Set the improper integral as the limit of a proper integral. Here, instead of the upper limit of integration being infinite, replace it with \(t\), where \(t\) will later approach infinity. Hence, \(\int_{1}^{\infty} \frac{1}{\sqrt[3]{x}} dx = \lim_{t \to \infty} \int_{1}^{t} \frac{1}{\sqrt[3]{x}} dx\).

Next, compute the integral without considering the limit: \(\int_{1}^{t} \frac{1}{\sqrt[3]{x}} dx\). This is a basic power rule problem in integral calculus, where the integral of \(x^n\) is \(\frac{x^{n+1}}{n+1}\). The integral becomes \(3 (t^{\frac{2}{3}} - 1)\).

Now, apply the limit: \(\lim_{t \to \infty} 3 (t^{\frac{2}{3}} - 1)\). As \(t\) approaches infinity, \(t^{\frac{2}{3}}\) also approaches infinity. Thus, the limit is infinite.
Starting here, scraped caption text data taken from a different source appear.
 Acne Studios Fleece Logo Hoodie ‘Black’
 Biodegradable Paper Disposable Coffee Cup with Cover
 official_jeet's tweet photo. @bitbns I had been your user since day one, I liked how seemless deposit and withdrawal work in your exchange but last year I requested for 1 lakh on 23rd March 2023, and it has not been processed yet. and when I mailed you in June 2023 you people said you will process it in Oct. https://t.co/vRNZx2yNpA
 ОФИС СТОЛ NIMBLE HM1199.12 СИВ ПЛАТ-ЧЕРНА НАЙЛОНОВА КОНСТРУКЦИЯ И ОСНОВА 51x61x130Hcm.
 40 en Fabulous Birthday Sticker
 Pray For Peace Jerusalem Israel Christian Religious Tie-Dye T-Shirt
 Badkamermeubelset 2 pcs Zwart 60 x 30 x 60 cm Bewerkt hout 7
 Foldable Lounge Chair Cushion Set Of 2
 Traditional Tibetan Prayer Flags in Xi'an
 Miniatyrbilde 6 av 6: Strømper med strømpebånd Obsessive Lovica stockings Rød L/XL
When the value of the limit is infinite, the integral diverges. Therefore, the improper integral \(\int_{1}^{\infty} \frac{1}{\sqrt[3]{x}} dx\) diverges, and there exists no finite area under the curve from 1 to infinity for the function \(f(x) = \frac{1}{\sqrt[3]{x}}\).